SOUTH AFRICAN AIRWAYS (SAA) has been taken to task by Solidarity, a trade union, over its discriminatory hiring practices for pilots. The union is angry with the state-owned carrier's decision not to admit Daniël Hoffman to its cadet pilot programme for the second year in a row. Mr Hoffman, whose theory and psychometric tests were described as exceptional by Solidarity, is a white male. That puts him at a handicap against other applicants because of the airline's self-professed bias towards hiring black, coloured (mixed race), Indian or white female pilots.

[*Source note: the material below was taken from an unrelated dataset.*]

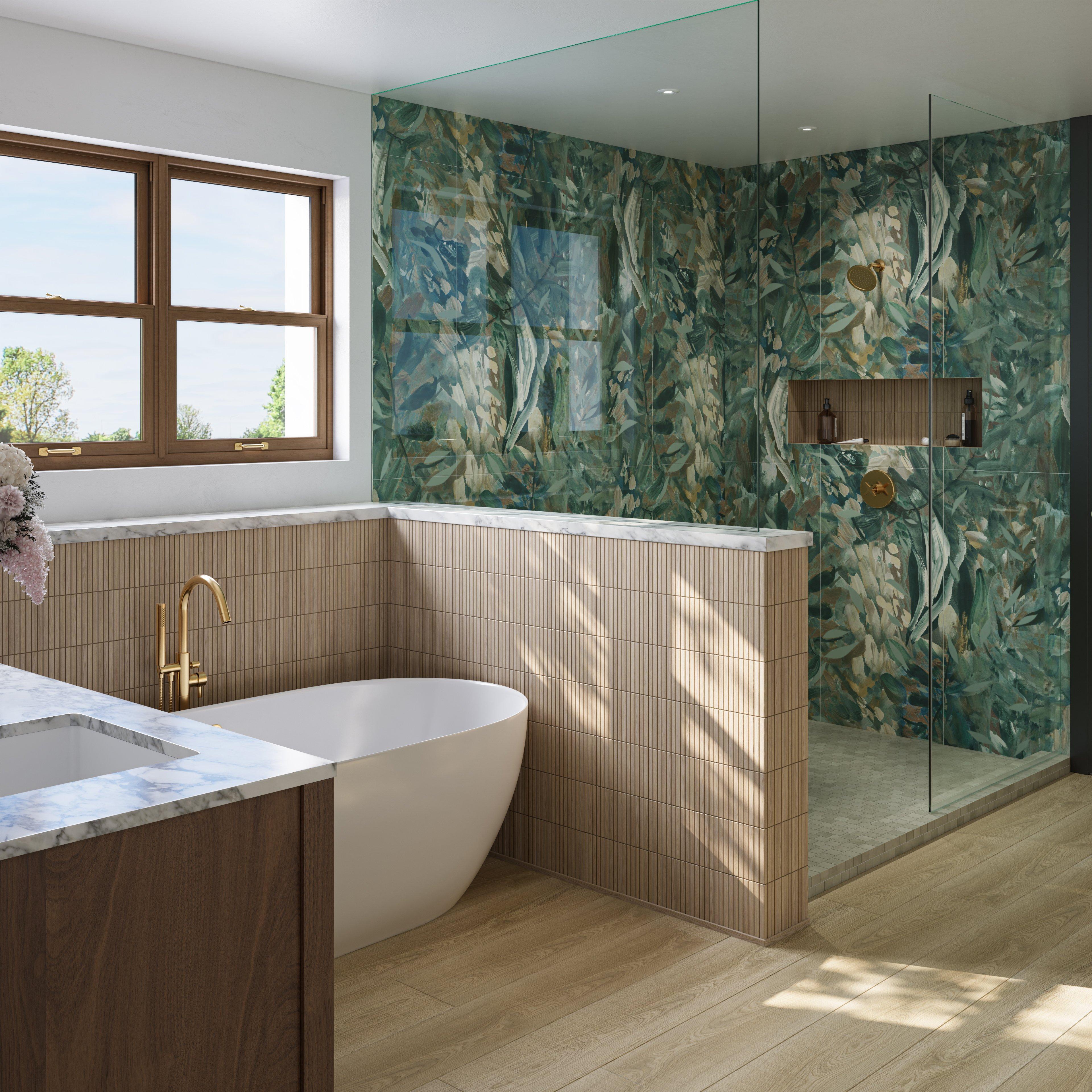 Mina 61 in. Walnut Vanity with Carrara Marble Top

In 2012, Solidarity submitted two near-identical applications for SAA's cadet pilot programme. There was just one difference: one applicant was white, the other was black. The white candidate received a swift rejection letter; the black one was accepted onto the programme. SAA defended its policy at the time by noting that 85% of its serving pilots were white. A spokesperson for the airline told Beeld, an Afrikaans-language daily newspaper, that whites will only be hired once efforts to find applicants of other races are exhausted. The subsequent media furore forced SAA to ditch its policy, but Solidarity suspects it is still being implemented behind the scenes.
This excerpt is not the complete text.